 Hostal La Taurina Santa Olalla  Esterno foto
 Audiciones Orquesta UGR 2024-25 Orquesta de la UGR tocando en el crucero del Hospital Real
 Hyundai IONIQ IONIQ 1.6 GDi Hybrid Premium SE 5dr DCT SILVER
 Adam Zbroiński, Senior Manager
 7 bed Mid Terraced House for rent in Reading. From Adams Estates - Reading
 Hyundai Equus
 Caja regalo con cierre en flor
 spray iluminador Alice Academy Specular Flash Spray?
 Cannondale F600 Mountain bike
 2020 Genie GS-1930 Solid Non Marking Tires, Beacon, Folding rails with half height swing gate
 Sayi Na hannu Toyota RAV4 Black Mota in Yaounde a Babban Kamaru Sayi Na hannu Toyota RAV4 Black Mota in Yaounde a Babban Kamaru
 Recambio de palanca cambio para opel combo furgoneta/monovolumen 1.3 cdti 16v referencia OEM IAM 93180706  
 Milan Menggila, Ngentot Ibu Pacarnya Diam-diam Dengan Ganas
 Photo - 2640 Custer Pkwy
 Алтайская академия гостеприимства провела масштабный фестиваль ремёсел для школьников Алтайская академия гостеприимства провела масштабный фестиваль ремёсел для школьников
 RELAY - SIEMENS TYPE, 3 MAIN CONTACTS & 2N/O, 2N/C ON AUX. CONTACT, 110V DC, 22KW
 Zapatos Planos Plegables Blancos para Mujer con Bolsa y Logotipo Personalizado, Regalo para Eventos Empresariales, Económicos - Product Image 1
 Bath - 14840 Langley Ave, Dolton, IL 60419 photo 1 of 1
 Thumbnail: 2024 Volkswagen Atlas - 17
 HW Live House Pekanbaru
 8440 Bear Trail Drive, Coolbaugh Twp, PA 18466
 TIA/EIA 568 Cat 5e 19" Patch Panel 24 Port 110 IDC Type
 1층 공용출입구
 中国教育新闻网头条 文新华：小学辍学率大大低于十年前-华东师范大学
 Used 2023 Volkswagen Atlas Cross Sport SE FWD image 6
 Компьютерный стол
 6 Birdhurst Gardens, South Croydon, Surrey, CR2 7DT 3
☆ ☆ ☆ ☆
◆ Exercise aim
Reproduce all entries exactly, leaving each one whole.

◆ Exercise answer
 Hostal La Taurina Santa Olalla  Esterno foto
 Audiciones Orquesta UGR 2024-25 Orquesta de la UGR tocando en el crucero del Hospital Real
 Hyundai IONIQ IONIQ 1.6 GDi Hybrid Premium SE 5dr DCT SILVER
 Adam Zbroiński, Senior Manager
 7 bed Mid Terraced House for rent in Reading. From Adams Estates - Reading
 Hyundai Equus
 Caja regalo con cierre en flor
 spray iluminador Alice Academy Specular Flash Spray?
 Cannondale F600 Mountain bike
 2020 Genie GS-1930 Solid Non Marking Tires, Beacon, Folding rails with half height swing gate
 Sayi Na hannu Toyota RAV4 Black Mota in Yaounde a Babban Kamaru Sayi Na hannu Toyota RAV4 Black Mota in Yaounde a Babban Kamaru
 Recambio de palanca cambio para opel combo furgoneta/monovolumen 1.3 cdti 16v referencia OEM IAM 93180706  
 Milan Menggila, Ngentot Ibu Pacarnya Diam-diam Dengan Ganas
 Photo - 2640 Custer Pkwy
 Алтайская академия гостеприимства провела масштабный фестиваль ремёсел для школьников Алтайская академия гостеприимства провела масштабный фестиваль ремёсел для школьников
 RELAY - SIEMENS TYPE, 3 MAIN CONTACTS & 2N/O, 2N/C ON AUX. CONTACT, 110V DC, 22KW
 Zapatos Planos Plegables Blancos para Mujer con Bolsa y Logotipo Personalizado, Regalo para Eventos Empresariales, Económicos - Product Image 1
 Bath - 14840 Langley Ave, Dolton, IL 60419 photo 1 of 1
 Thumbnail: 2024 Volkswagen Atlas - 17
 HW Live House Pekanbaru
 8440 Bear Trail Drive, Coolbaugh Twp, PA 18466
 TIA/EIA 568 Cat 5e 19" Patch Panel 24 Port 110 IDC Type
 1층 공용출입구
 中国教育新闻网头条 文新华：小学辍学率大大低于十年前-华东师范大学
 Used 2023 Volkswagen Atlas Cross Sport SE FWD image 6
 Компьютерный стол
 6 Birdhurst Gardens, South Croydon, Surrey, CR2 7DT 3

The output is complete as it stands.